Tax and revenue increases are piling up on Californians–passed by voters, approved by legislators, and now the courts are getting into the act.

On the same day that the legislature passed the $52 billion gas tax, California’s Third District Court of Appeal on a 2 to 1 vote upheld a lower court ruling that businesses paying for auction allowances in the cap-and-trade program were not being subjected to an illegal tax. The California Chamber of Commerce and others filed the lawsuit claiming the cap and trade allowance cost amounted to a tax, which required a two-thirds vote, something the law that created cap-and-trade did not achieve.

The court reasoned that businesses voluntarily took part in the program and were not compelled by government to do so. However, the decision goes deeper than the cap-and-trade program and potentially opens the door to getting around the tax vote requirements demanded by Proposition 13.

According to Rob Laplsey, president of the California Business Roundtable, if the court’s reasoning holds, “This ruling gives more than 150 state agencies unchecked authority to establish or increase fees simply by justifying them as a voluntary component of a regulatory or legislative program, even if payment of the fees isn’t voluntary at all.”

While the Appellate Court disagreed with plaintiffs’ assertion that similar schemes, such as creating a cap-and-trade program for vehicle mileage, would definitely be considered a tax, the court majority moved pass such concerns by declaring, “We can confront such hypothetical situations if and when they arise.”

When does an act become voluntary so that a government mandated charge is no longer considered a tax?

Pacific Legal Foundation attorneys representing another business plaintiff in the case, Morning Star Packing Company, argued in a statement, “Under the majority’s reasoning, California’s gasoline taxes are not really taxes, because the state does not compel you to buy gasoline.”

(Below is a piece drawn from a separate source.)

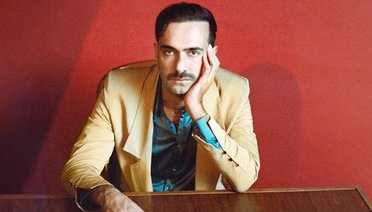 Mert Demir’in Yeni Şarkısı Biterse Hatıran Yayında: Canlı Orkestra ile Kaydedildi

Writing in dissent of the majority opinion, Judge Harry Hull, stated that if a business must increase costs to continue to do business in California then the charge is compulsory and not voluntary unless one opts to voluntarily close their business. The judge noted that the majority’s conclusion was no different than saying an increase in income tax is not compulsory because an individual can choose to leave the state.

If the Lapsley and Hull assessments of the court decision are proved correct, then there might be no agonizing watch to see if a revenue-raising bill receives a two-thirds vote to pass a tax. Agencies could declare charges voluntary and attach fees on to any number of actions.

The plaintiffs in the case are considering whether to appeal to the California Supreme Court.